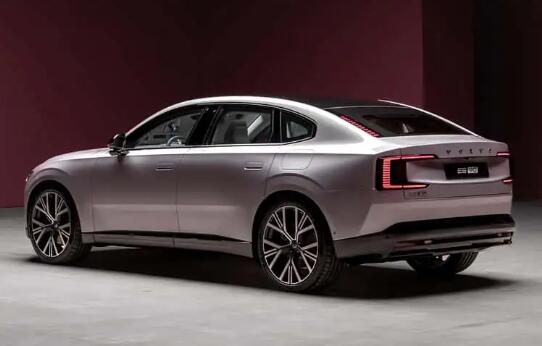 沃尔沃CEO认为，到2035年所有新车都将实现电动化：“开弓没有回头箭”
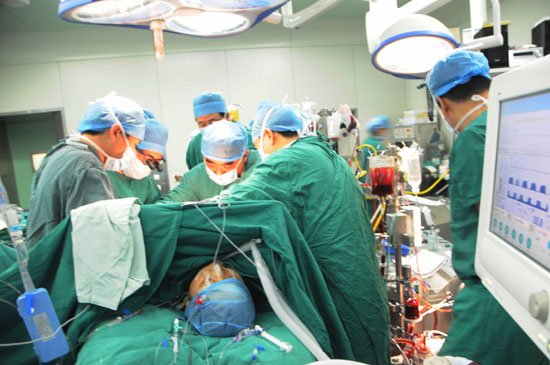 内地首例心肝联合移植在武汉协和医院完成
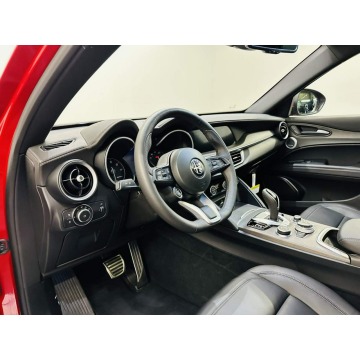 Alfa Romeo Stelvio  SUV 2022,  2.0 benzyna, automat - Na sprzedaż za 163 590 zł - Katowice - zdjęcie 7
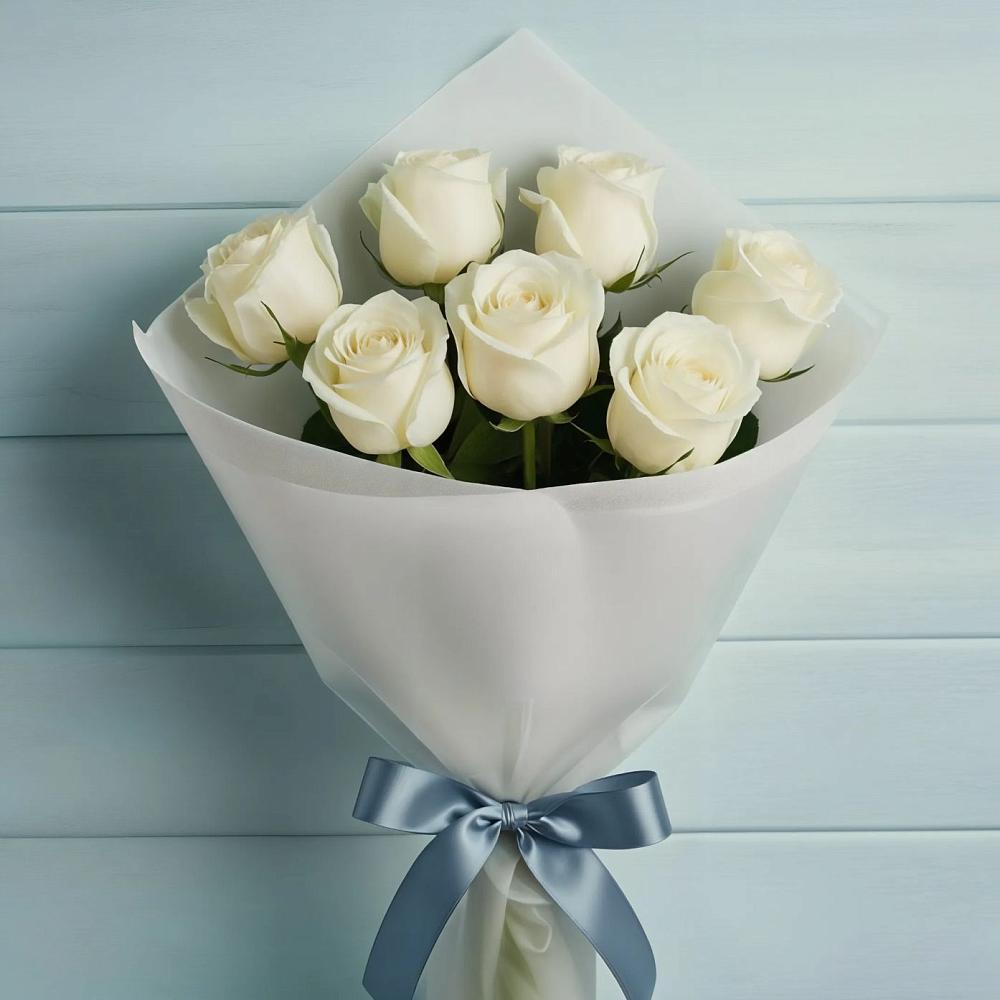 Букет 7 Белых роз Эдлесс Лав в Новую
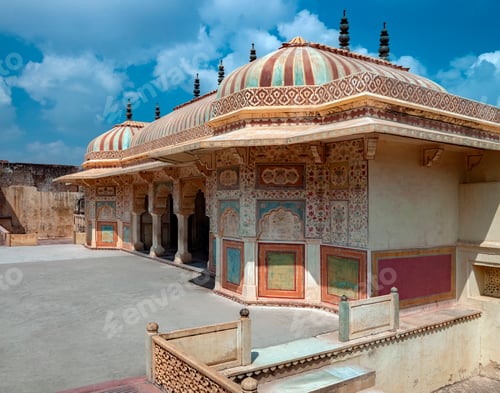 Preview: Sheesh Mahal in the Amber Fort - Jaipur in India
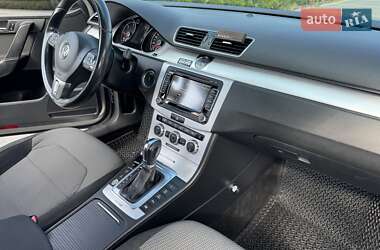 Універсал Volkswagen Passat 2012 в 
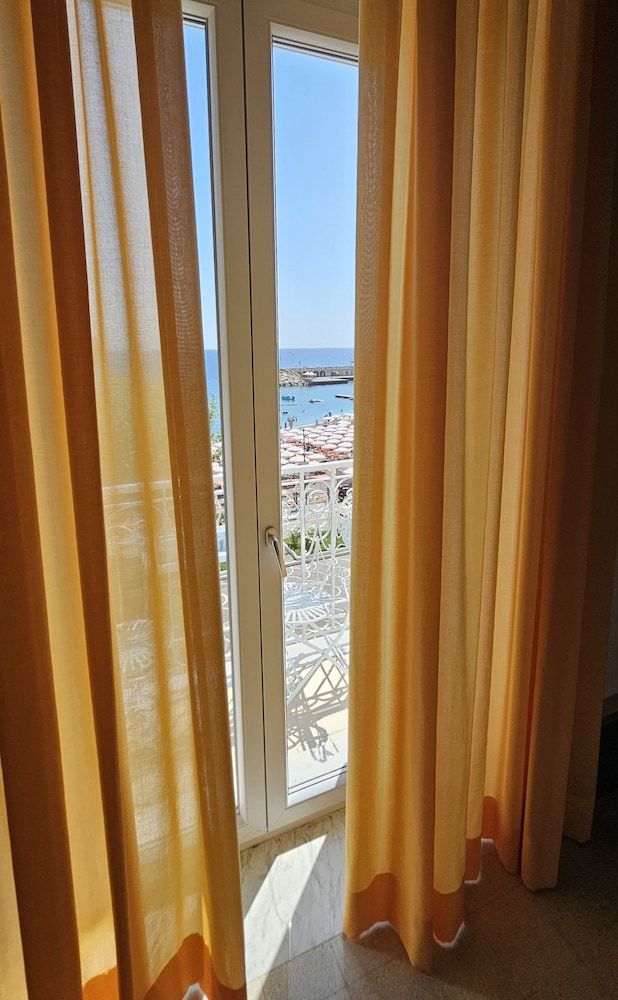 Galene - Beachfront in Costa d'Amalfi Superior Room, Balcony, Sea View 11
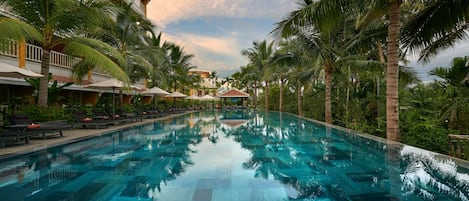 4 outdoor pools, pool umbrellas, pool loungers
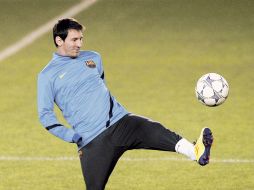 Lionel Messi controla la pelota durante el entrenamiento realizado en el Synot Tip Arena de Praga. EFE  /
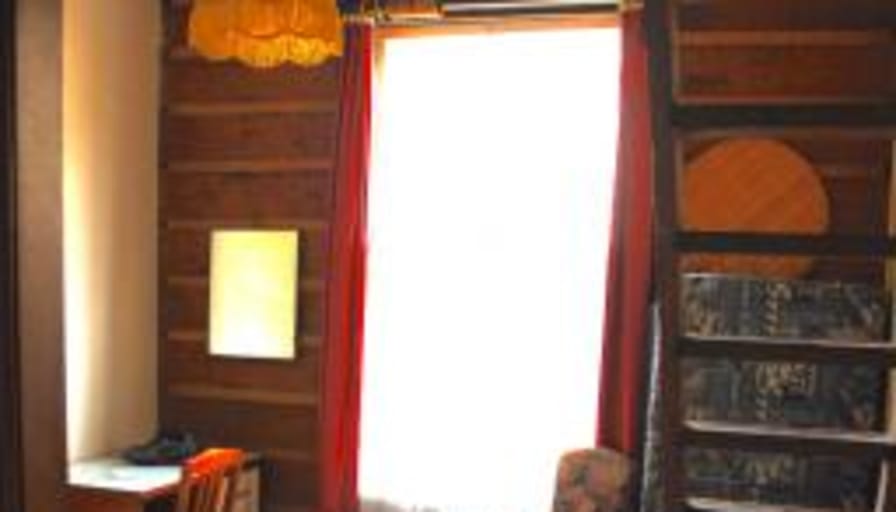 Lois's room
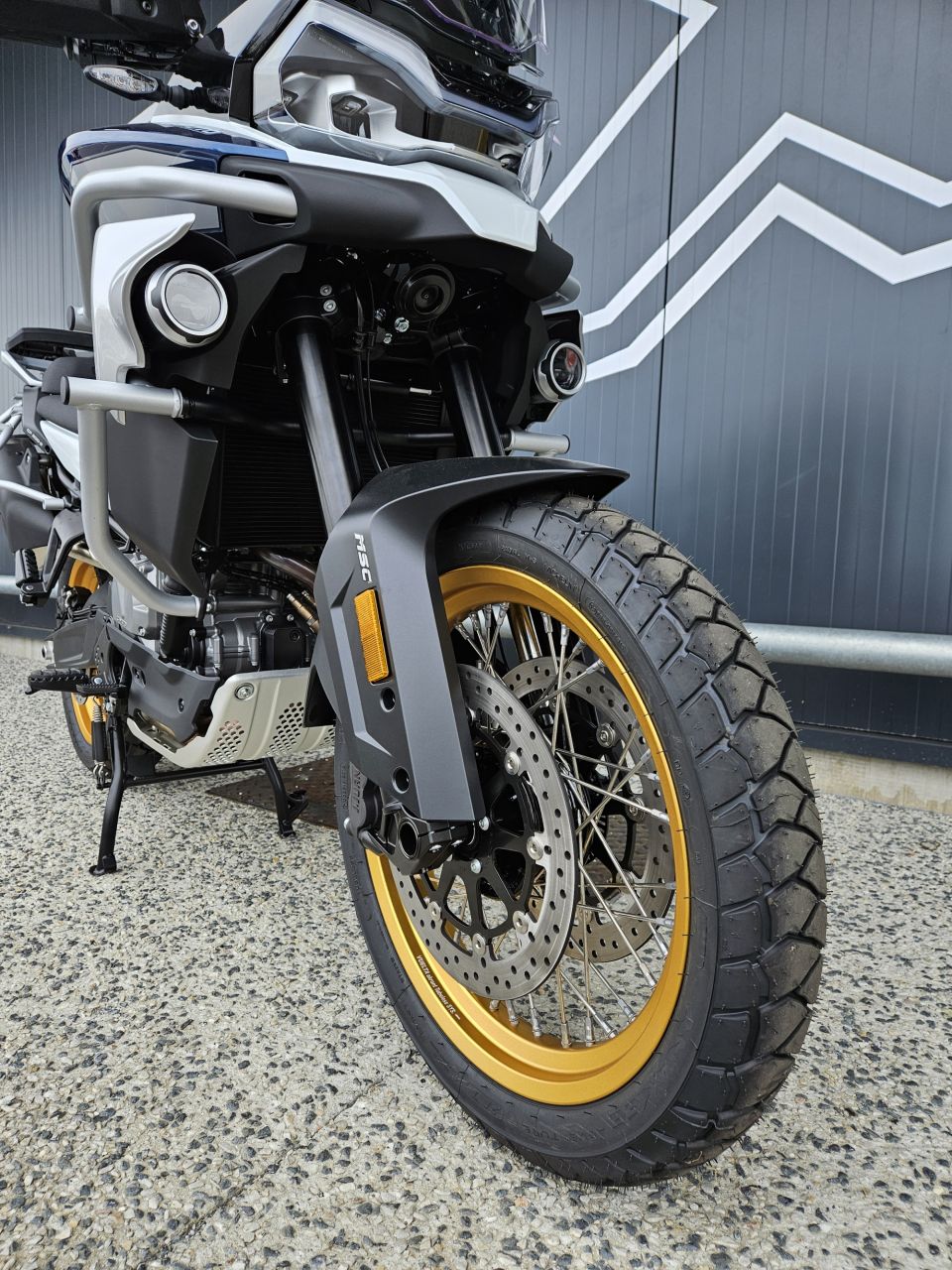 CF MOTO 800MT Explore 4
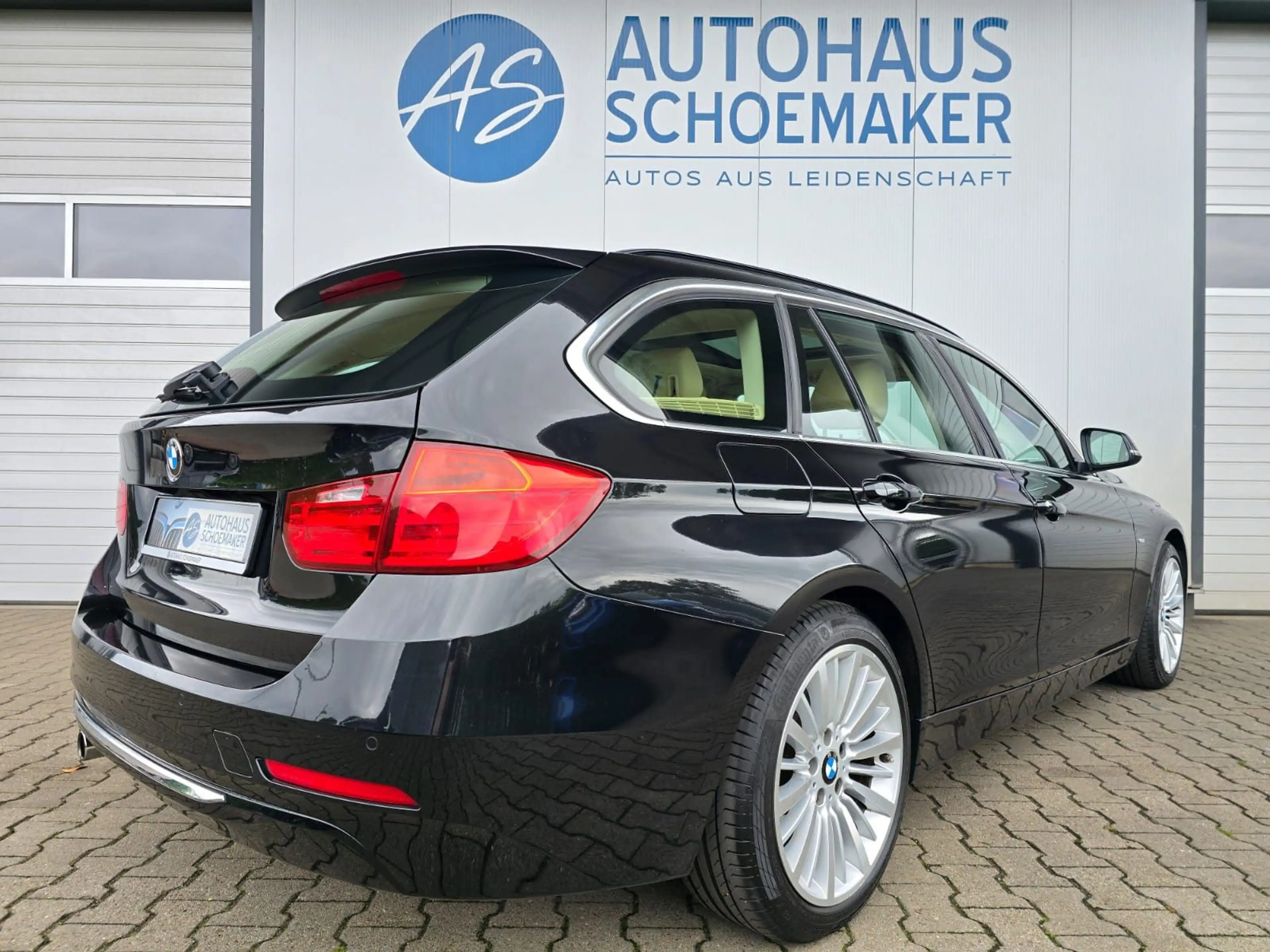 BMW 330 d xDrive Luxury Line*AHK,HUD,Pano,Memory,Navi — photo 6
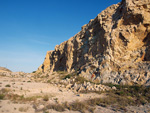 Grupo Mineralógico de Alicante. Cantera Casablanca. Lloma Alta, Les Boqueres, San Vicente del Raspeig, Alicante  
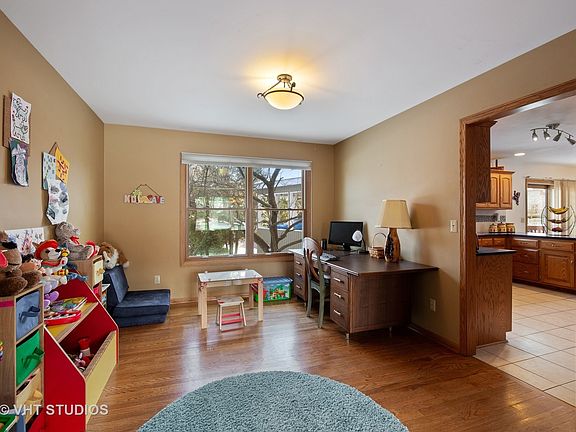 4th image of 1340 Yorkshire Dr N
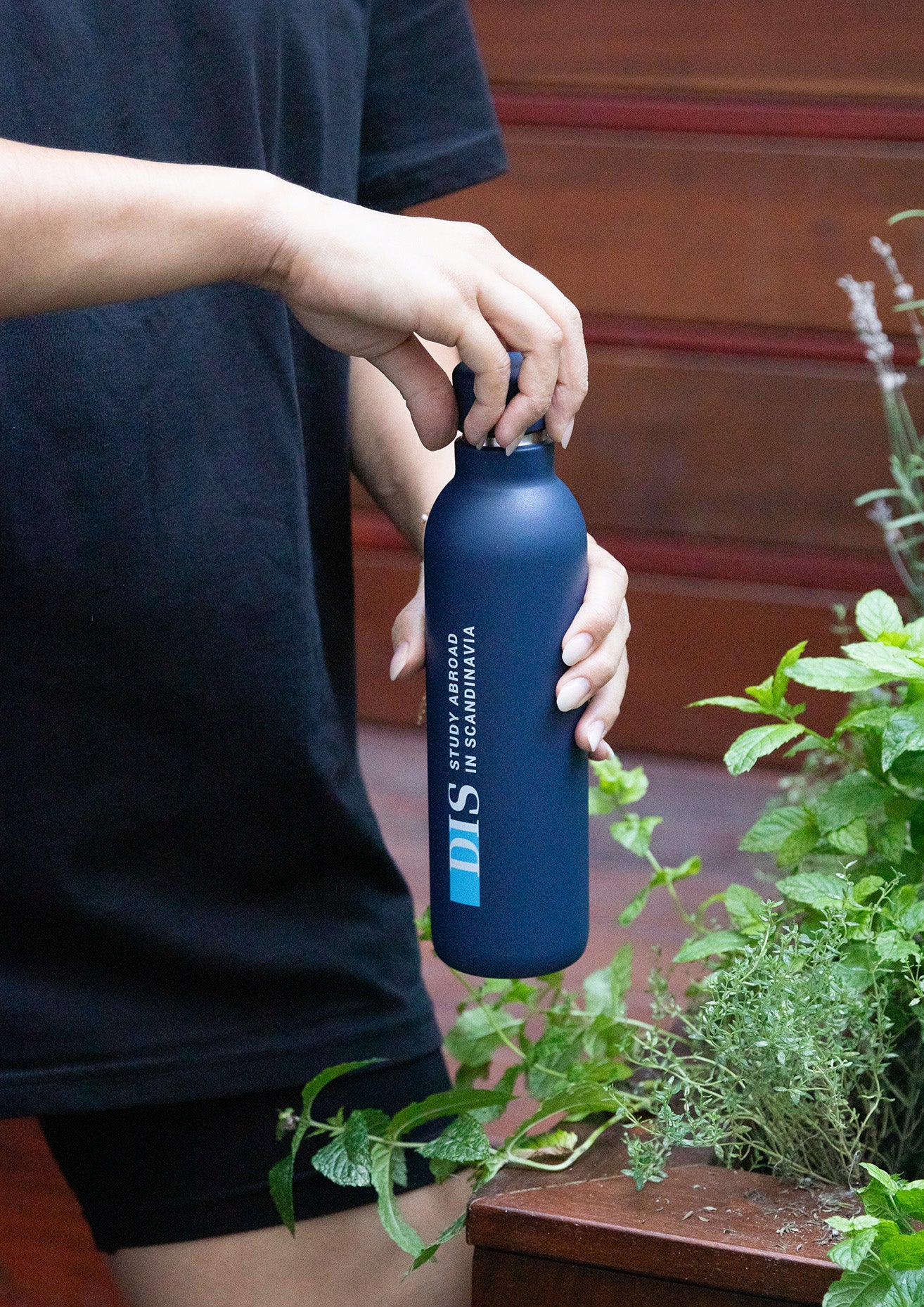 DIS Alumni Thermal Insulated Water Bottle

* _Problem to work on_
Copy out all the data exactly. No images belong in the copy.

* _Solved problem_
 沃尔沃CEO认为，到2035年所有新车都将实现电动化：“开弓没有回头箭”
 内地首例心肝联合移植在武汉协和医院完成
 Alfa Romeo Stelvio  SUV 2022,  2.0 benzyna, automat - Na sprzedaż za 163 590 zł - Katowice - zdjęcie 7
 Букет 7 Белых роз Эдлесс Лав в Новую
 Preview: Sheesh Mahal in the Amber Fort - Jaipur in India
 Універсал Volkswagen Passat 2012 в 
 Galene - Beachfront in Costa d'Amalfi Superior Room, Balcony, Sea View 11
 4 outdoor pools, pool umbrellas, pool loungers
 Lionel Messi controla la pelota durante el entrenamiento realizado en el Synot Tip Arena de Praga. EFE  /
 Lois's room
 CF MOTO 800MT Explore 4
 BMW 330 d xDrive Luxury Line*AHK,HUD,Pano,Memory,Navi — photo 6
 Grupo Mineralógico de Alicante. Cantera Casablanca. Lloma Alta, Les Boqueres, San Vicente del Raspeig, Alicante  
 4th image of 1340 Yorkshire Dr N
 DIS Alumni Thermal Insulated Water Bottle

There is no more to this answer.